EXERCISE DESCRIPTION. Go through the entries below. Copy out every line that contains "today".

INFORMATION GIVEN.
━━━━━━━━━━━━━━━━
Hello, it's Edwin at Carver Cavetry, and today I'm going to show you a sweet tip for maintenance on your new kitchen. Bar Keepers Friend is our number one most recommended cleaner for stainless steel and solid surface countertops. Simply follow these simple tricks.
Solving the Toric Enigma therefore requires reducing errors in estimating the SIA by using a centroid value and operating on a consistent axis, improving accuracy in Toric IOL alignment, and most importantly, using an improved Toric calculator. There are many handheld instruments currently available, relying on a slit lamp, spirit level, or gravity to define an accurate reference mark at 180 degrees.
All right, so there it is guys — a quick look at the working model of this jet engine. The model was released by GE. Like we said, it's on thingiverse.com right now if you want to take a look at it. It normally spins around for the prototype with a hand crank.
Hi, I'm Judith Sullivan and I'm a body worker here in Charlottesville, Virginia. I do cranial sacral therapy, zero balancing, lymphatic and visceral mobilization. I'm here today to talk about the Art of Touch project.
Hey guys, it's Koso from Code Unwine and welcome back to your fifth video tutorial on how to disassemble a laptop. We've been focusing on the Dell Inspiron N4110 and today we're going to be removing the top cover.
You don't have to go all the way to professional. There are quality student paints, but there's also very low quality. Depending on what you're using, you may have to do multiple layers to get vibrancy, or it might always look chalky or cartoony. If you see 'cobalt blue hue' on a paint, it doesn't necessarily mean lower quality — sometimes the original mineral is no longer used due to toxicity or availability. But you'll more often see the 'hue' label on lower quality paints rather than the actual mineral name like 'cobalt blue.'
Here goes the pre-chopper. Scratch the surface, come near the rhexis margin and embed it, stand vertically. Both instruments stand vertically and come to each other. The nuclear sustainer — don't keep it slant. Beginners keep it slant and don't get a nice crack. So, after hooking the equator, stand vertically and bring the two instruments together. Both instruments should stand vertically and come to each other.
━━━━━━━━━━━━━━━━
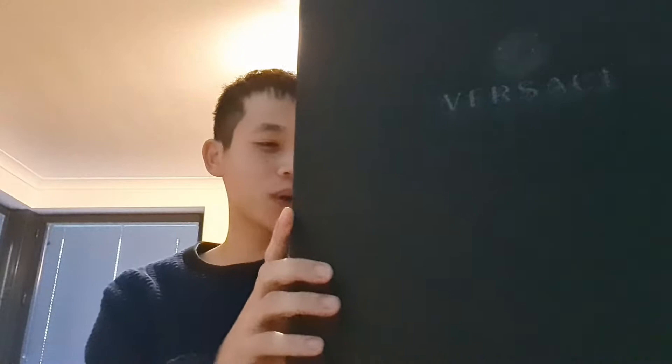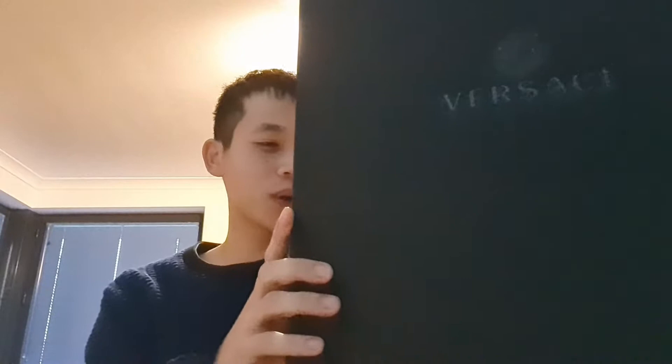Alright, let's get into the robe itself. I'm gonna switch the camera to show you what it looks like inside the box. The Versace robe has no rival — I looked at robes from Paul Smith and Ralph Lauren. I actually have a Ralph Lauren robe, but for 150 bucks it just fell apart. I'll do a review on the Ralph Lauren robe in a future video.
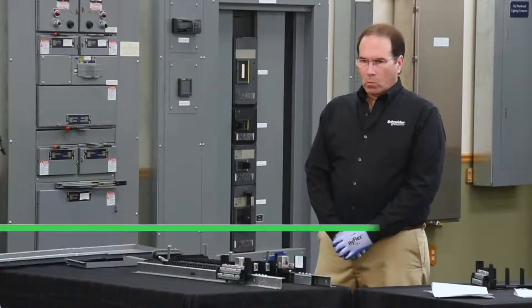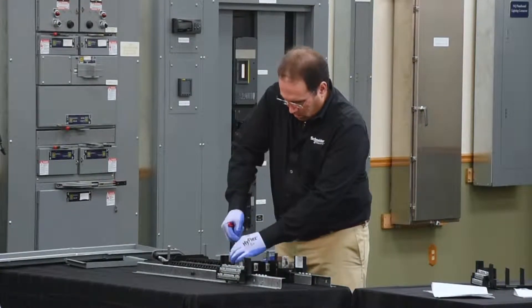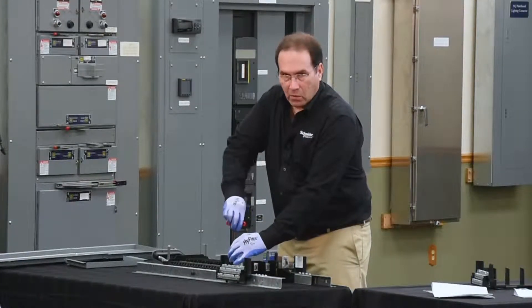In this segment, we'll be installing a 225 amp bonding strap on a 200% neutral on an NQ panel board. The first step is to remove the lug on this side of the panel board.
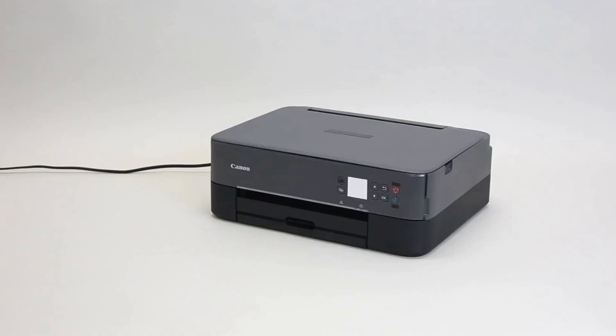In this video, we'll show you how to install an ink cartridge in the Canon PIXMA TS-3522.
━━━━━━━━━━━━━━━━
RESULT OF THE TASK.
Hello, it's Edwin at Carver Cavetry, and today I'm going to show you a sweet tip for maintenance on your new kitchen. Bar Keepers Friend is our number one most recommended cleaner for stainless steel and solid surface countertops. Simply follow these simple tricks.
Hi, I'm Judith Sullivan and I'm a body worker here in Charlottesville, Virginia. I do cranial sacral therapy, zero balancing, lymphatic and visceral mobilization. I'm here today to talk about the Art of Touch project.
Hey guys, it's Koso from Code Unwine and welcome back to your fifth video tutorial on how to disassemble a laptop. We've been focusing on the Dell Inspiron N4110 and today we're going to be removing the top cover.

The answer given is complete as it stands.